In a Q&A interview published Monday, journalist Katrina Onstad noted that the United Nations, First Nations leaders, and Rinelle Harper — the Manitoba 16-year-old left for dead last year — have all called for an inquiry.
"But you have said it isn't 'high on your radar,'" Onstad said. "Why isn't it?"
"I haven't said that at all," Harper replied, according to the magazine.
The Conservative leader said the issue has already been "studied to death" more than 40 times, spurring the government to take action by providing additional resources for prevention and police investigations.
But in a year-end interview with Mansbridge last December, Harper did indeed say an inquiry was not a priority for his government.
"There seems to be some indication that your government may be at least considering some form of formal inquest or inquiry or investigation (into missing and murdered indigenous women)," Mansbridge said to Harper at the time.
"It isn't really high on our radar, to be honest, Peter," Harper replied, before adding that his ministers will continue to have a "dialogue" with those concerned about the issue.
CBC News has video of that interview. The talk of an inquiry begins at the 18:24 mark:
Harper told Mansbridge his government has brought in strong laws to punish criminals, invested in preventative measures, and enhanced "the legal and social status of women in aboriginal communities" when it comes to matters like matrimonial property rights.
"I would rather spend my time focusing on what actions we can take to improve these situations, prevent these situations, than have more multi-million dollar inquiries," Harper said.
But opposition rivals pounced on the Tory leader's "radar" quip as proof that the government wasn't taking enough action.
Liberal candidate Carolyn Bennett mentioned the remark in May while tabling a motion calling on the government to call an inquiry.
"Last December, (Harper) even admitted to a national TV audience that this issue was not high on his government's radar," she said in the House of Commons. "The prime minister is simply on the wrong side of history."
New Democrat Murray Rankin did the same while discussing an NDP motion to call an inquiry in June.
"(The government) says going after the root causes is not high on the prime minister's radar, as he himself said to Peter Mansbridge," Rankin said at the time. "It should be high on the radar of Canadians. It should be high on all our radars."
Mulcair: 'It's time you had a prime minister who cares'
NDP Leader Thomas Mulcair also criticized Harper late last month shortly after unveiling his plan to combat violence against women.
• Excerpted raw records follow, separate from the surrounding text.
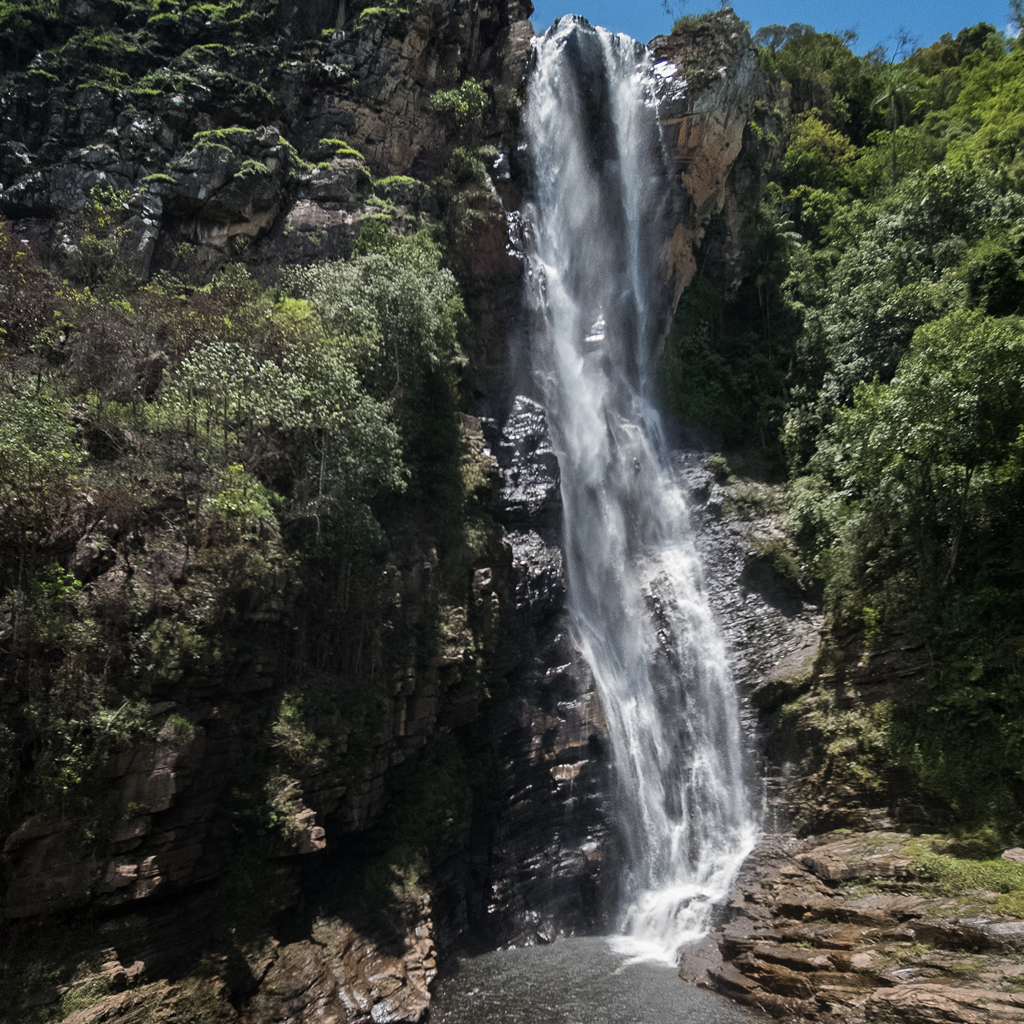 A Cachoeira Alta em Ipoema é muito elogiada pela beleza e organização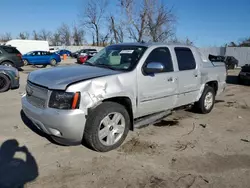 Chevrolet salvage cars for sale: 2011 Chevrolet Avalanche LTZ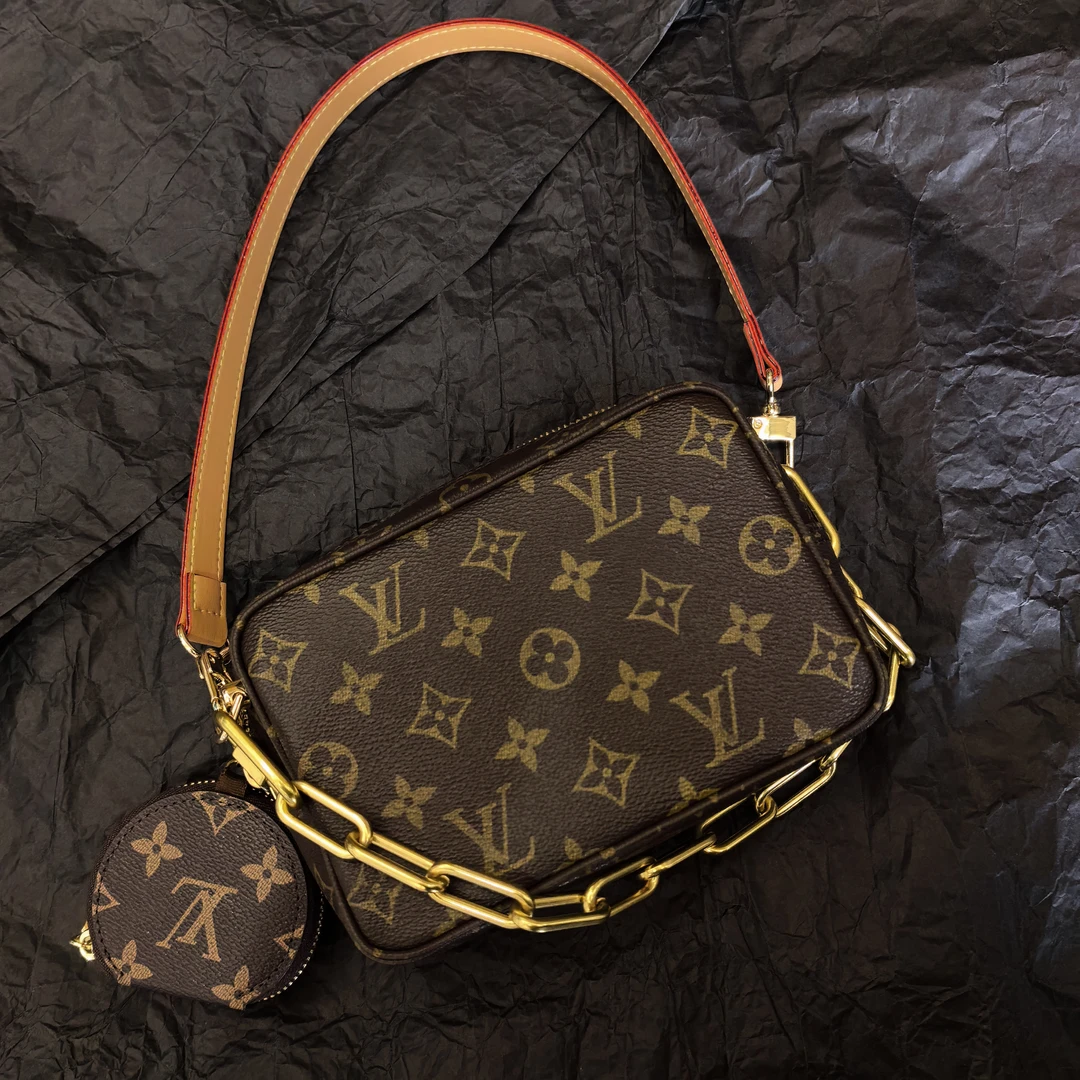 99新 LouisVuitton/路易威登 98新/18软盒/24h试背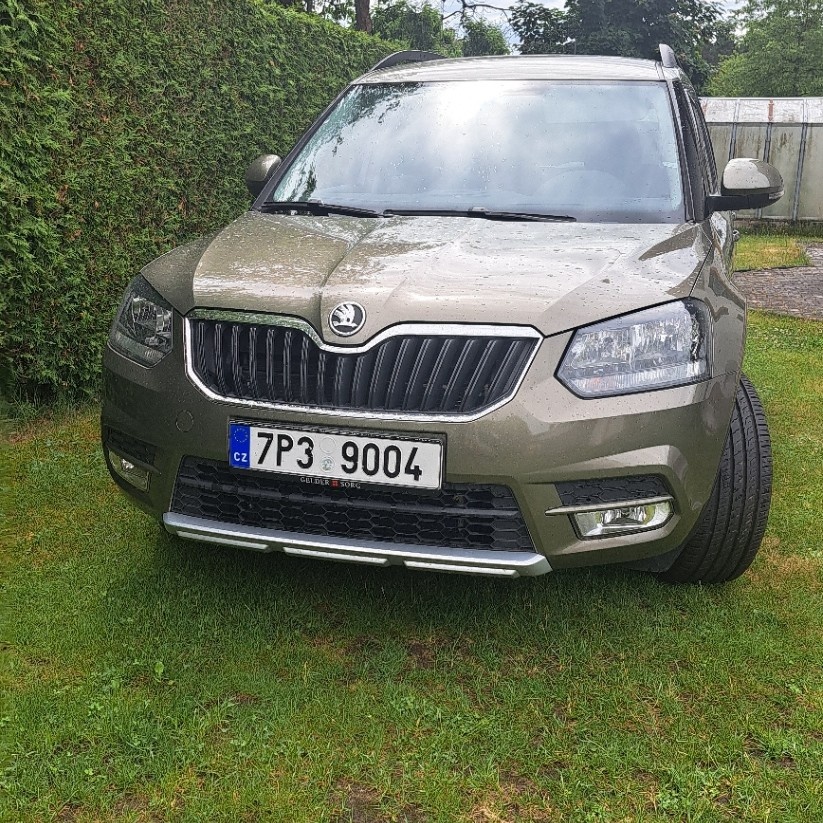 Škoda Yeti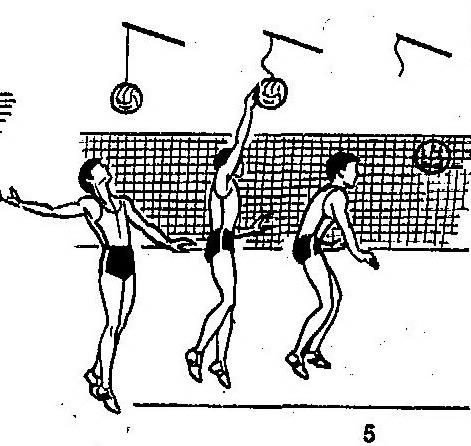 План конспект волейбол нападающий удар - 82 фото
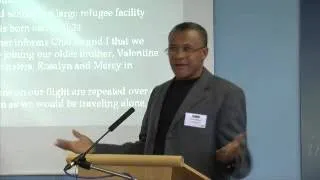 Ireland & Biafra Conference: The Experiences of A Biafran Refugee in the Ivory Coast & Ireland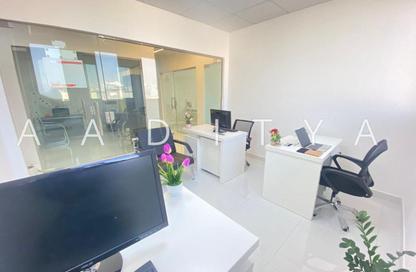 Office Space - Studio - 1 Bathroom for rent in Horizone Building - Port Saeed - Deira - Dubai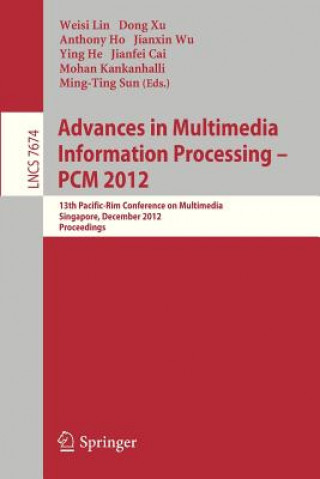 Knjiga Advances in Multimedia Information Processing, PCM  2012 Ming-Ting Sun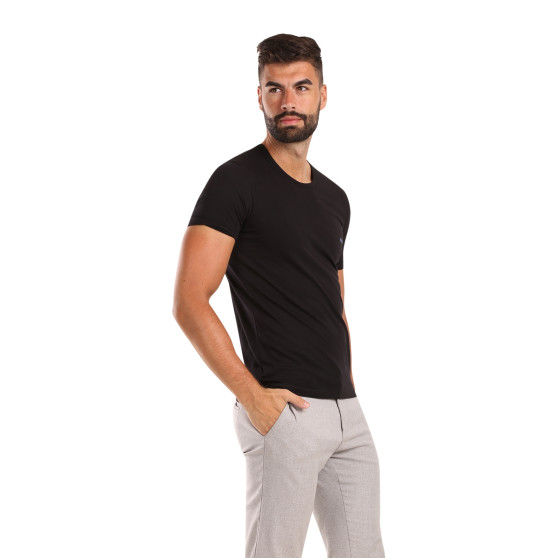 3PACK t-shirt för herrar HUGO svart (50480088 965)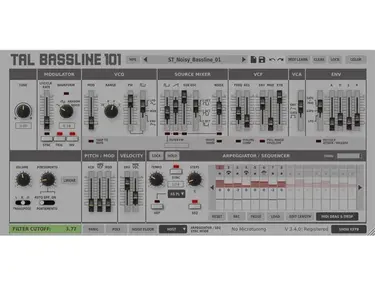 Togu Audio Line TAL-BassLine-101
Mulcair referenced the murder of aboriginal Winnipeg teen Tina Fontaine, whose body was recovered from the Red River last August.
"Her tragic death shocked this country. And I say this to every mother, to every daughter, to every sister that it's time you had a prime minister who cares," Mulcair said.
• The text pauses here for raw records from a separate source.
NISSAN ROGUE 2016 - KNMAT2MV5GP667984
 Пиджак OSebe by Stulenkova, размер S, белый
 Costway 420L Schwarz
The NDP leader said an "underlying attitude of racism" has prevented an inquiry into the 1,200 aboriginal women who have gone missing or been killed since 1980.
That was the same message he delivered at a rally in Winnipeg last month.
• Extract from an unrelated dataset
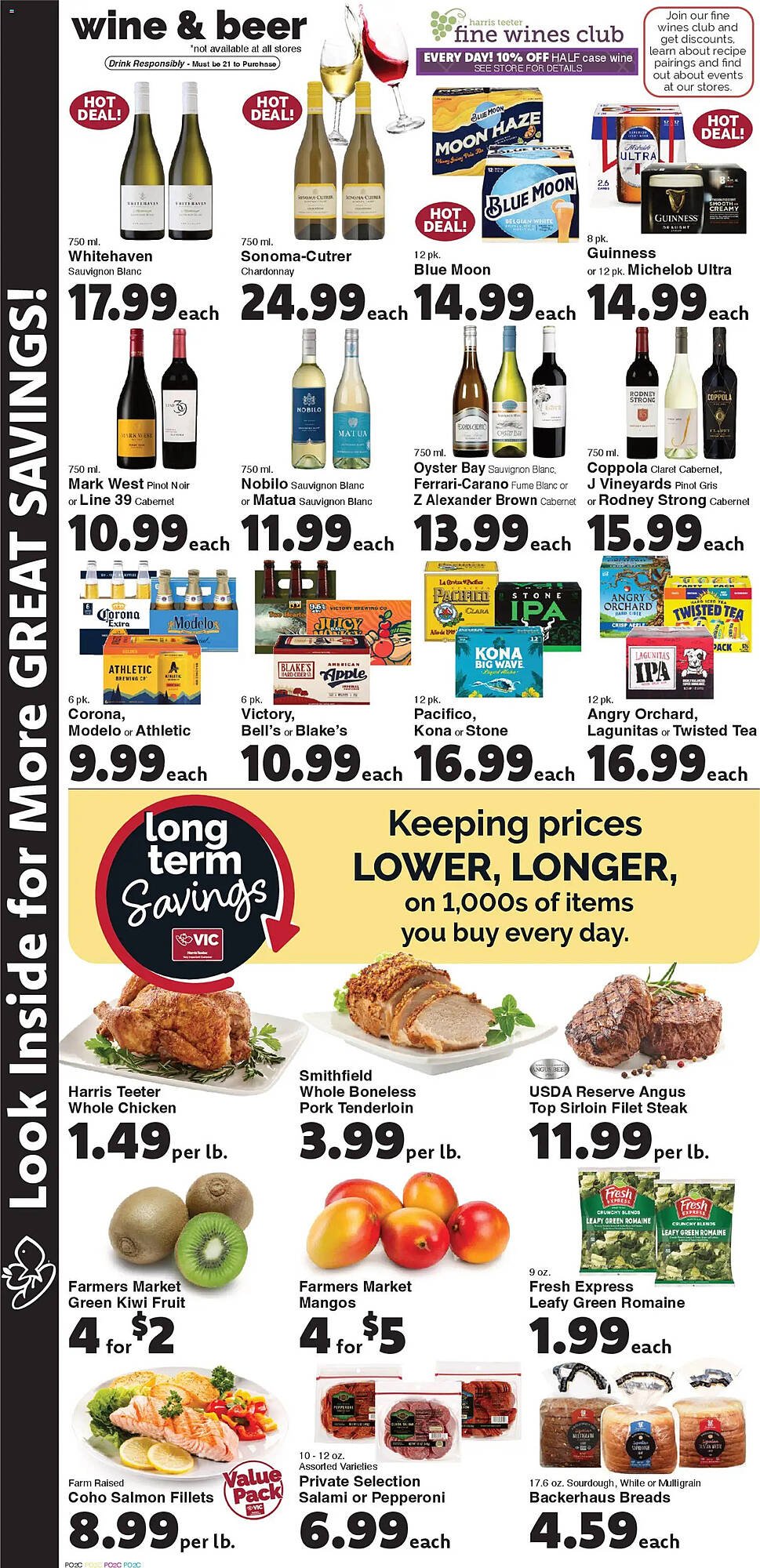 Harris Teeter weekly ad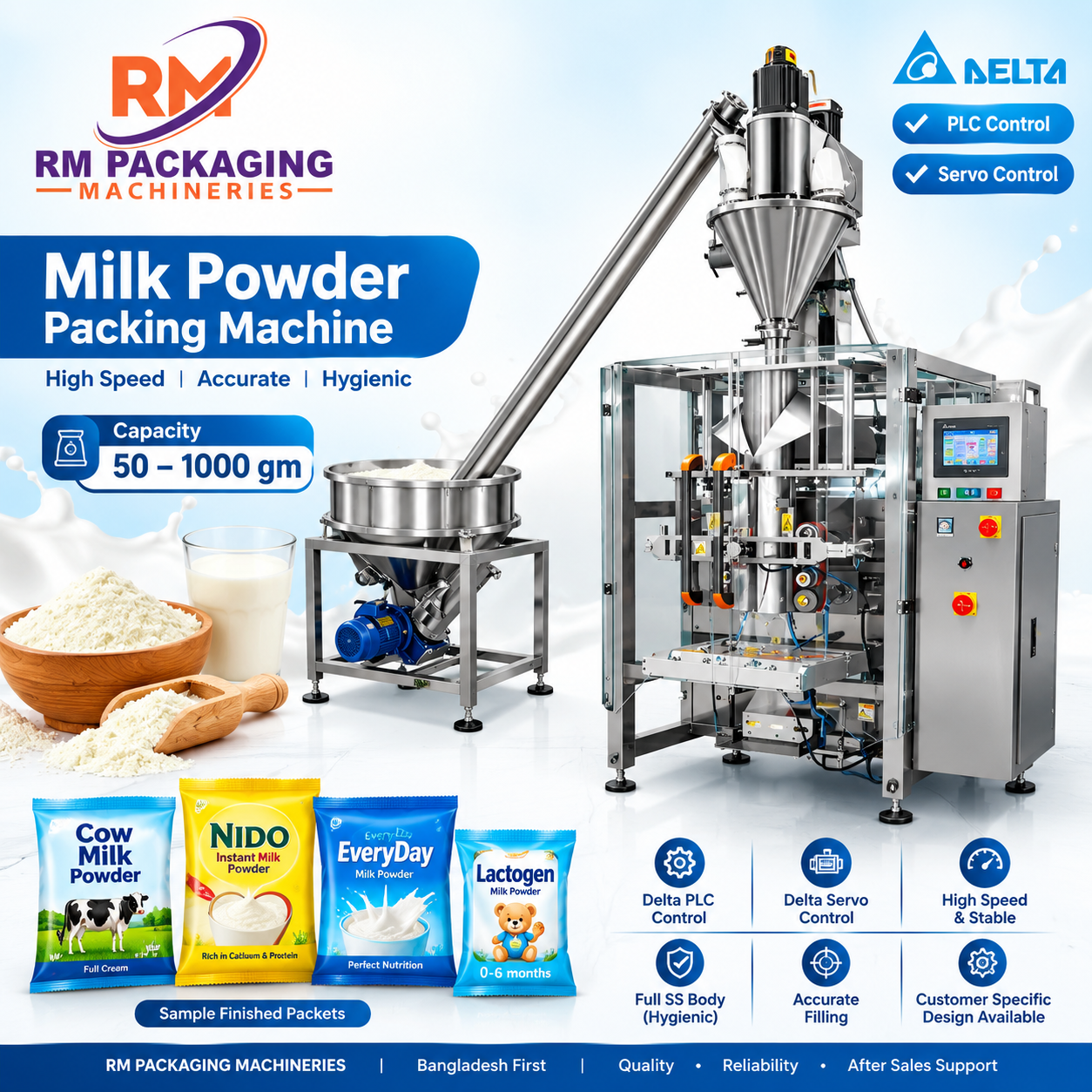 Milk Power Packing Machine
"Do you think that if 1,200 women had been murdered or had gone missing in Ottawa we'd need the United Nations to tell us to have an inquiry? It would have happened a long time ago," he told the crowd. "This is about racism. That's what this is about."
Mulcair has pledged to call an inquiry within 100 days of forming government.
Liberal Leader Justin Trudeau has also vowed to call an inquiry if he becomes prime minister in October.